How far downwind will people be affected?
Depends on the release term. For example, with the TMI-II release, the safest thing to do, statistically speaking, was to stay put. The millirem-range exposures you might have got if you camped at the plant boundary for the duration of the accident (which no one did), presented a risk smaller than that for driving on the local highways any reasonable distance.
This is a load of CRAP. Don't expect to get the truth from the propaganda ministry. During the TMI release the lamestream media asked "How much radiation are people near the plant being exposed to?" and the comforting answer was "It's equivalent to a chest x-ray." What they didn't tell you was that there's a big difference between the instantaneous dose rate and total accumulated dose. Hanging around TMI was like climbing into an x-ray booth, turning it on, and sitting there for a week with the machine running. No thanks..
And you're full of that CRAP. You are displaying your ignorance both of the biological effects of ionizing radiation and reading comprehension. The dose estimates were total, accumulated dose for a hypothetical worst-case exposure. You simply integrate the time-dependent dose rate over exposure time to get a total dose. Since it is well-known that the TMI exposures occurred over a relatively short period, it is not invalid to use that to estimate effects from an acute dose. Non-harmful changes in biological functions such as white cell production become statistically significant at between 5 and 10 rems of whole-body exposure.
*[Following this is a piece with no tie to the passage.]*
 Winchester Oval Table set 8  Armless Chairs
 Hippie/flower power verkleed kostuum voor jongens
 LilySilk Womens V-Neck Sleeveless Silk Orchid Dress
The maximum hypothetical dose at the TMI plant boundary were in the tens of millirem range. Orders of magnitude below observable effects.
Now, use that same exposure to estimate latent effects. Long-term exposure studies indicate that a dose in the range of 10 to 100 millirems results in about one excess cancer death in an exposed population of a million. Now, of that same cohort group, the expected fatal cancer rate is in the range of 160,000 from non-radiation effects. Put another way, a single individual receiving an accumulated exposure in the 100 millirem range increases their fatal cancer risk by about one in one million. The best estimates of average exposure in the TMI cohort group is in the one to 10 millirem range. Adding that into the accumulated total exposure over the average liftetime of a resident of that area, adds about 0.14% to the accumulated total, using the natural background exposure in that area of the country, and excluding medical exposures, which, depending on the individual, can greatly exceed the natural expoures, and dwarf anything a person might get from the accident. So, bottom line, the total added exposure was very, very small, with correspondingly small biological effects.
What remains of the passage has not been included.